- **AIM OF THE EXERCISE**:
Verbatim output, no pictures: the lines from the beginning of the material through the line with "78 Cove Road", both ends kept.

----------

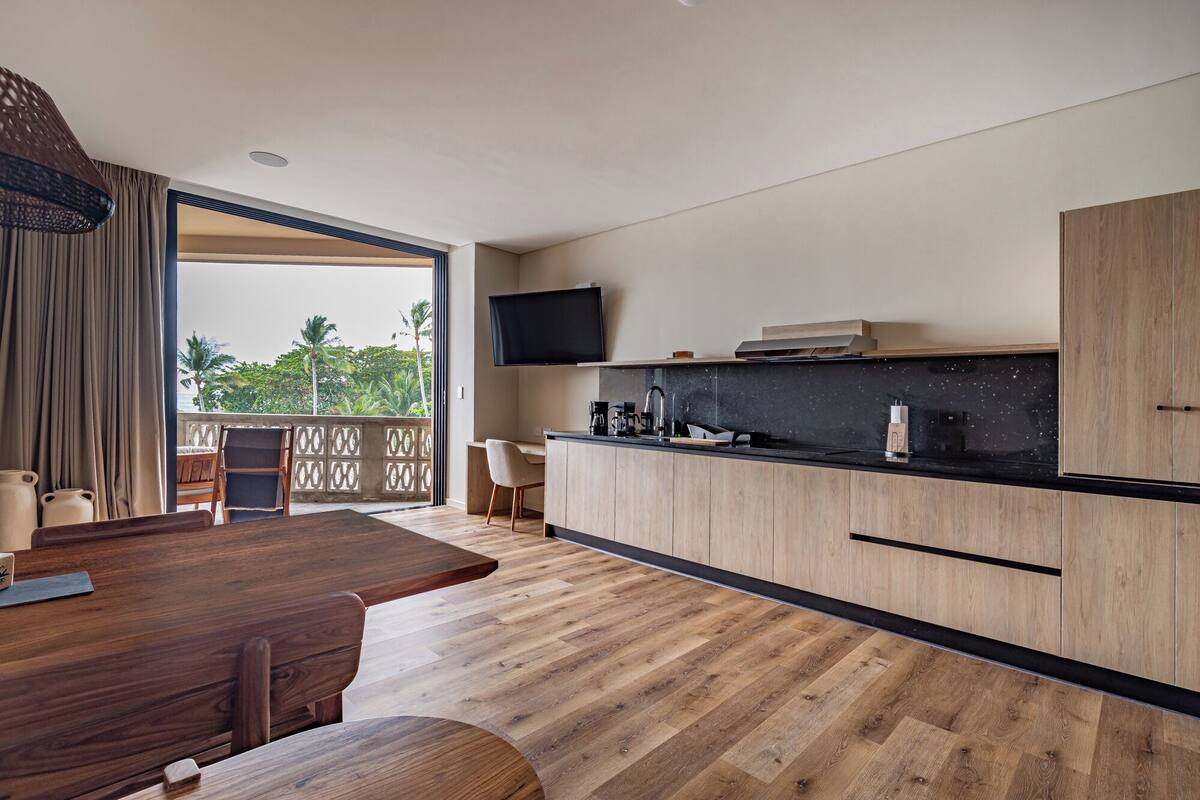 A modern kitchen with a wooden countertop, a built-in oven, and a flat-screen TV mounted above the sink.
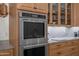 Modern kitchen with built-in stainless steel double oven and light wood cabinetry at 2243 E Cortez Dr, Gilbert, AZ 85234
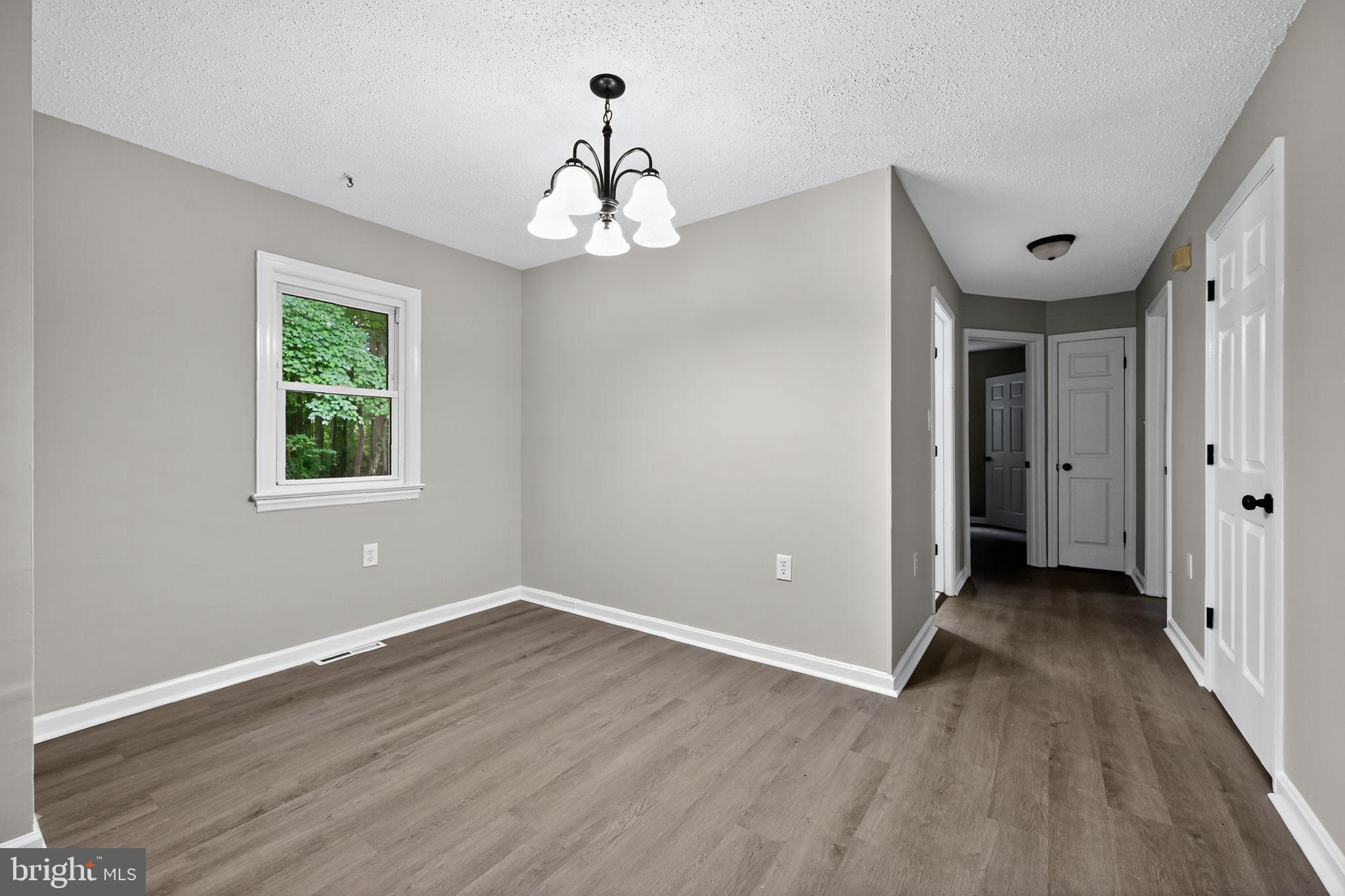 78 Cove Road Dover, DE 19904 - Photo 4 of 15 a view of a big room with wooden floor chandeliers and staircase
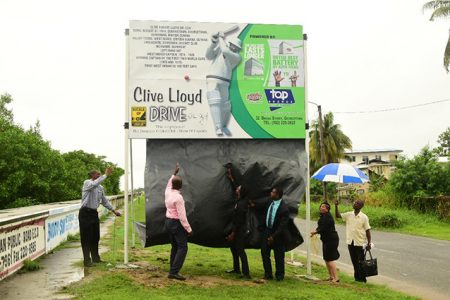  Roger Harper (right) and Mayor Patricia Chase-Greene (left) unveils the Clive Lloyd Drive sign.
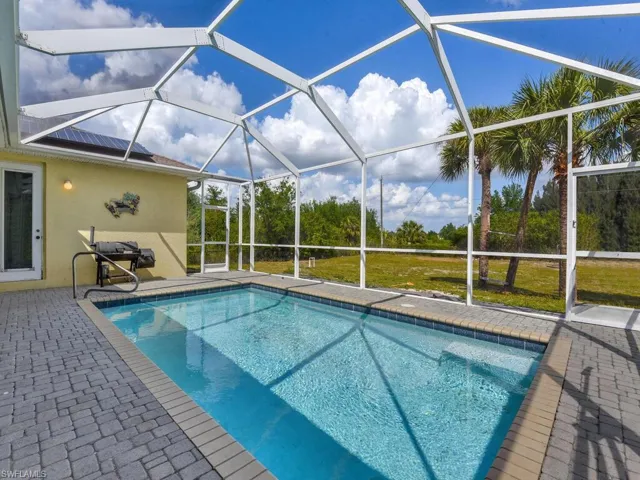 Pool featuring a patio area and glass enclosure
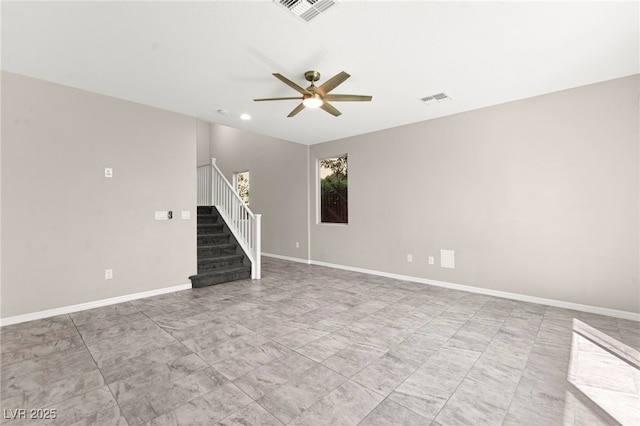 11847 Corenzio Ave, Las Vegas, NV 89138 - spare room featuring stairs, ceiling fan, baseboards, marble look tile flooring, and recessed lighting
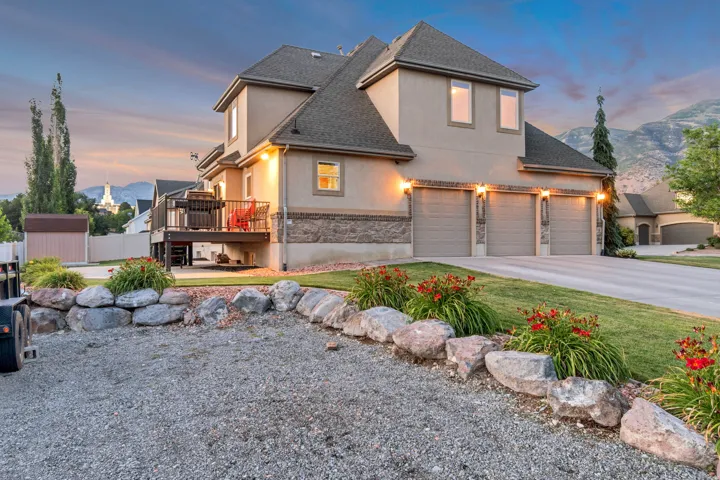 Stucco exterior with stone accents, a three-car garage, a rear deck, and RV parking.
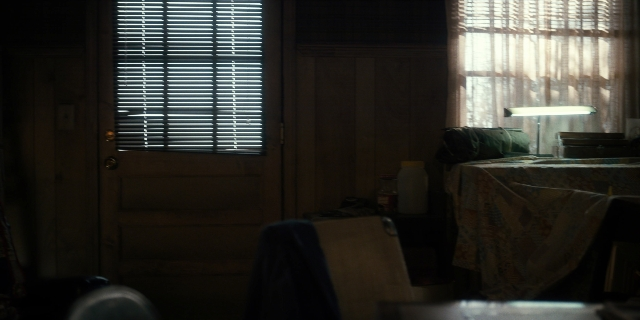 Wide shot frame from Stranger Things — room, table, door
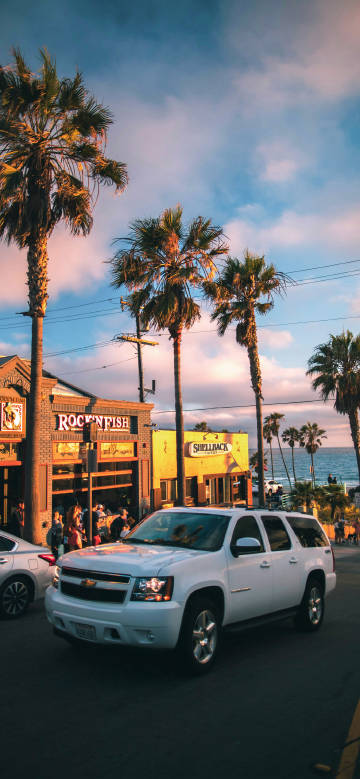 Cozy sunset seaside scenery phone wallpaper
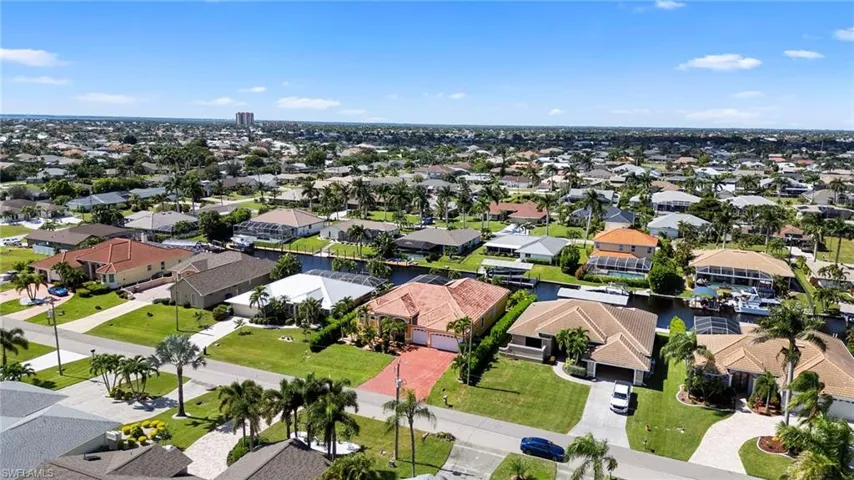 Aerial perspective of suburban area with a nearby body of water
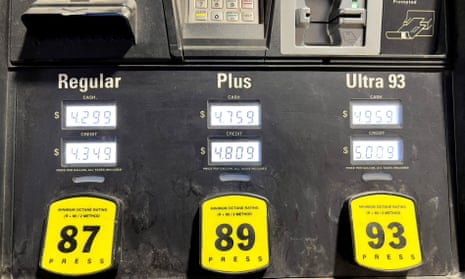 Gasoline prices are seen on a gas pump in Arlington, Virginia, on March 8, 2022. 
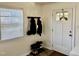 Bright entryway with natural light, coat rack, shoe rack, and a white door at 106 Eugene St, Carrboro, NC 27510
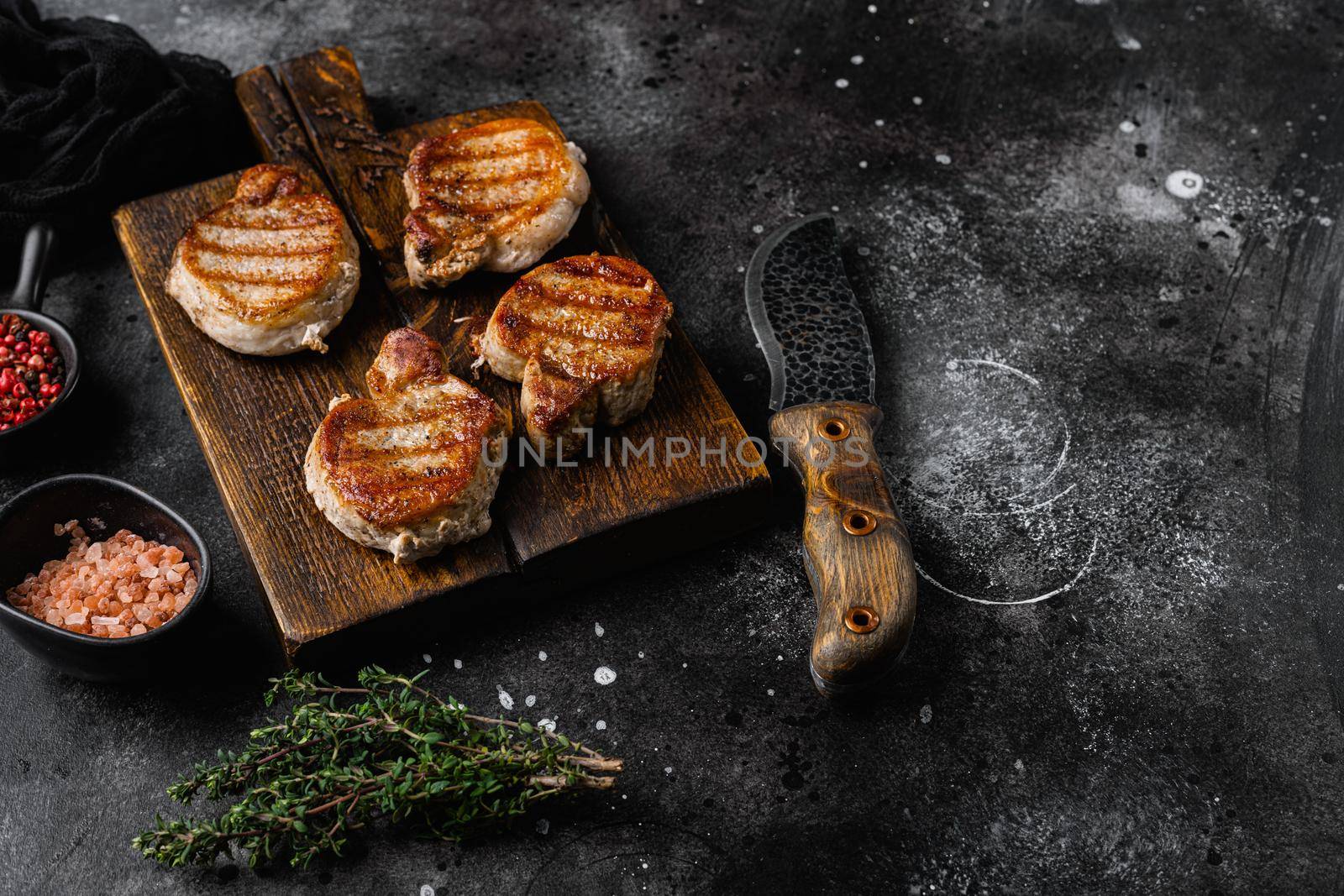 Grilled pork fillet meat set, on black dark stone table background, with copy space for text by Ilianesolenyi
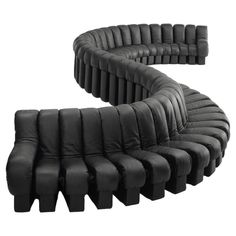 the curved couch is made out of black leather and has multiple sections that are connected to each other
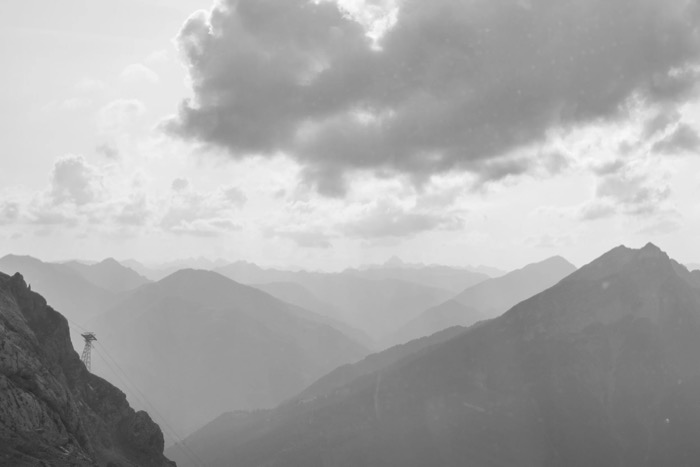Receding mountain ridges in haze with a lone cable-car pylon on a cliff and heavy cloud above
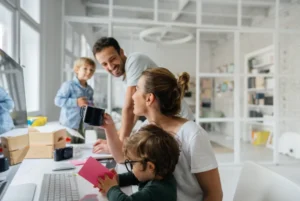 Happy family working together at home office with children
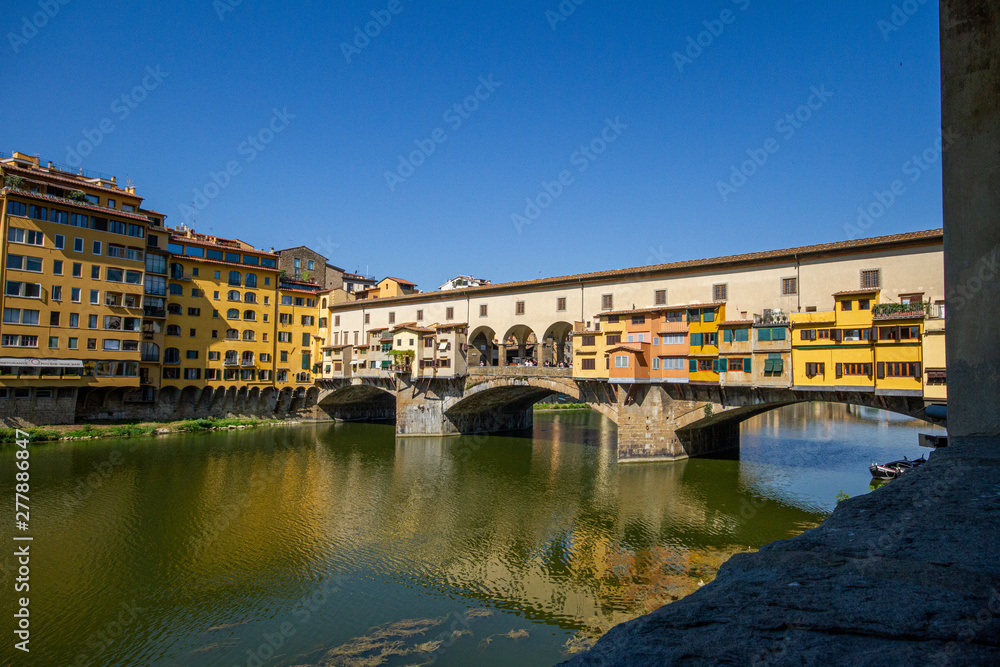 ponte vecchio in florence with reflection in water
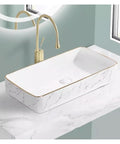 USZWBY Vessel Sinks Nordic Light Luxury Modern Above-Ground Basin Household Wash Single Bathroom Balcony Ceramic Bathroom Bowl Sink on marble surface with gold faucet.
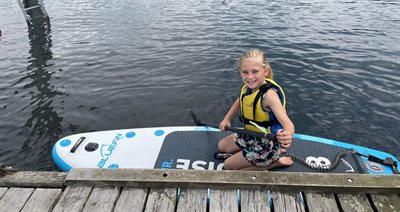 Child paddleboarding at Pier 52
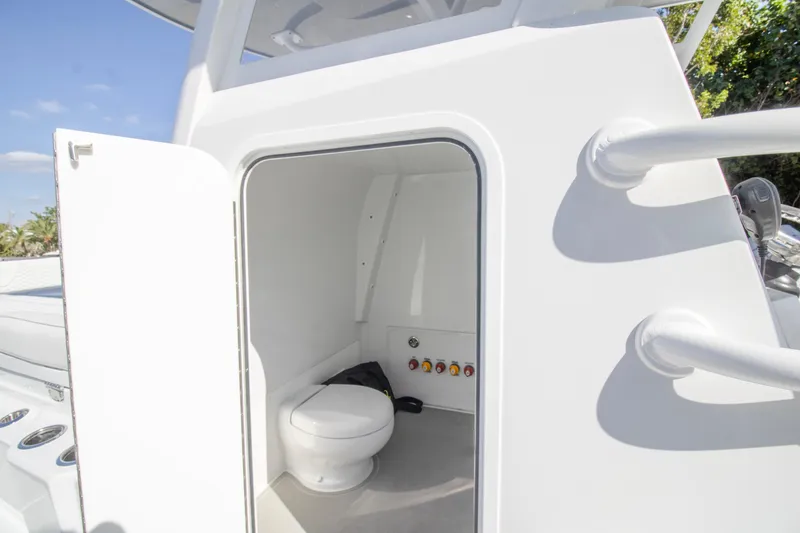 Slide: The Image of 2026 Invincible 36 Catamaran interior with sleek white design and hexagonal upholstery. - 11
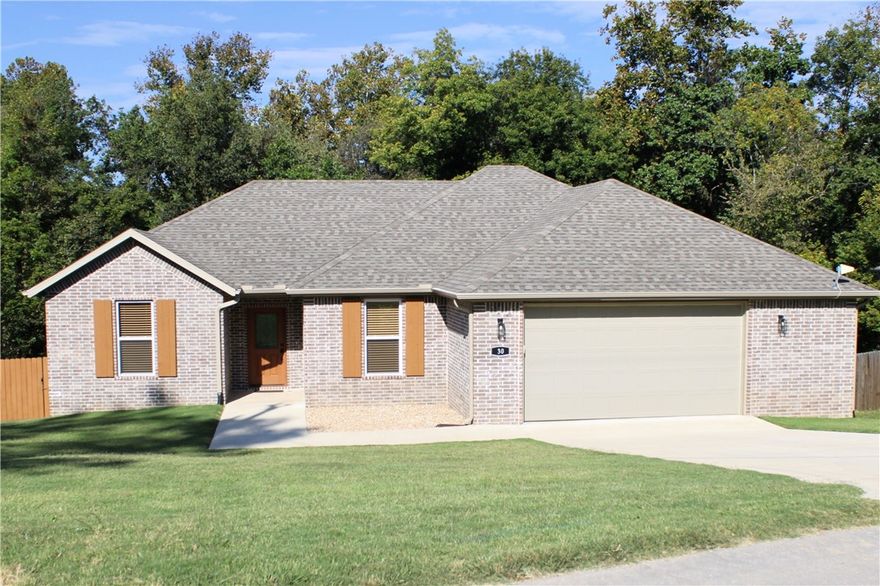LIKE NEW and PRICED TO SELL!! Beautiful 3 Bedroom, 2 bath home split floor plan with a professional office/study. Located close to Branchwood Recreation Center, Loch Lomond and I-49 Bypass! Enjoy the view off of your back porch of the woods and a creek. Enjoy the privacy! Large fenced in backyard with no neighbors behind you.  Open living room/Kitchen with a gas fireplace, Stainless Steel appliances in the kitchen with a walk-in pantry. Laundry room connects to the master closet. Granite countertops. Large 2.5 car garage! Wood look ceramic tile in main areas, marble like ceramic tile in bedrooms.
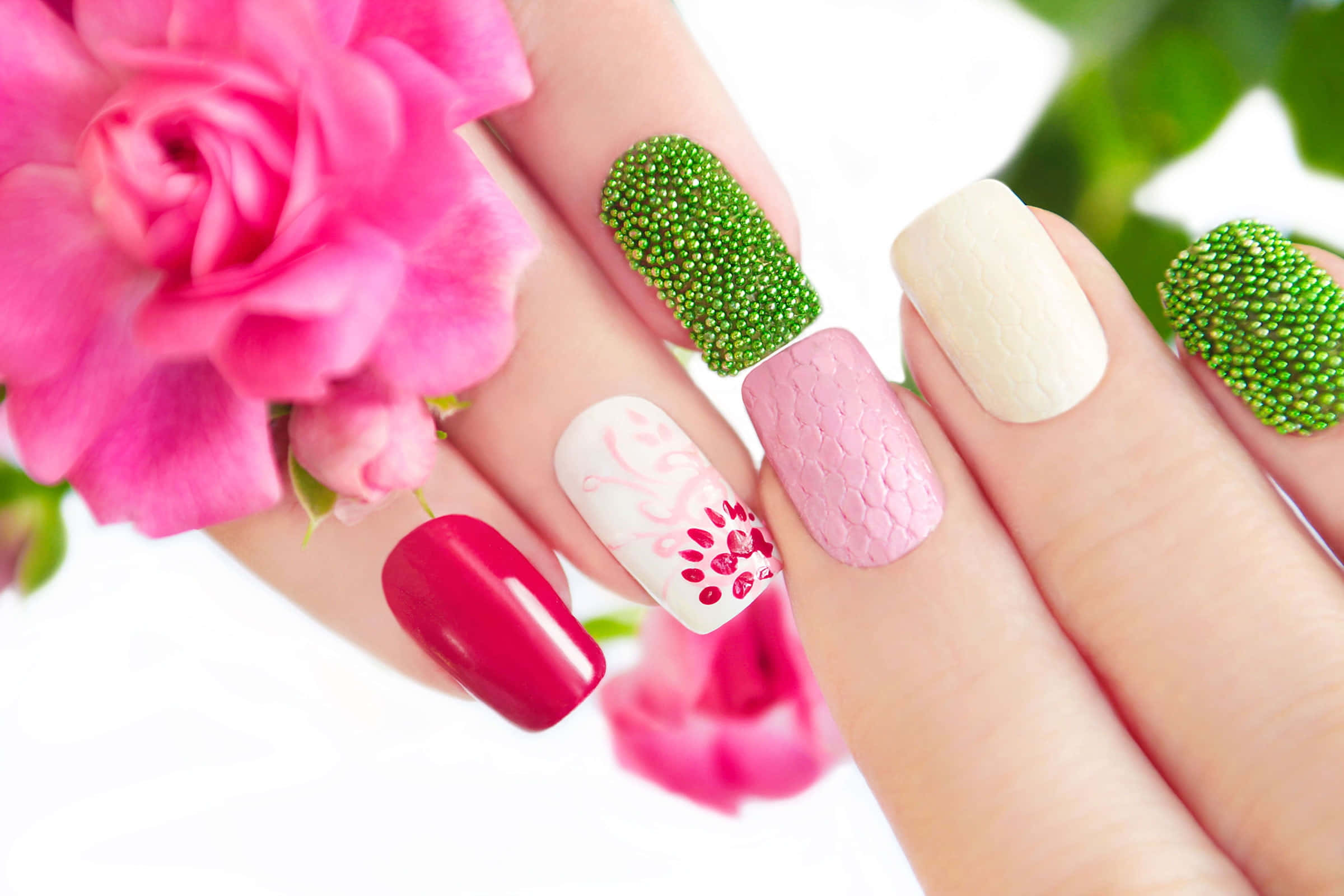 Cute Nails 桌布 壁紙 — 一隻手，帶有色彩繽紛的美甲，包括綠色珠子、粉紅色鱗片和花卉圖案，旁邊是一朵鮮豔的粉紅色玫瑰。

----------

- **EXPECTED OUTPUT**:
 A modern kitchen with a wooden countertop, a built-in oven, and a flat-screen TV mounted above the sink.
 Modern kitchen with built-in stainless steel double oven and light wood cabinetry at 2243 E Cortez Dr, Gilbert, AZ 85234
 78 Cove Road Dover, DE 19904 - Photo 4 of 15 a view of a big room with wooden floor chandeliers and staircase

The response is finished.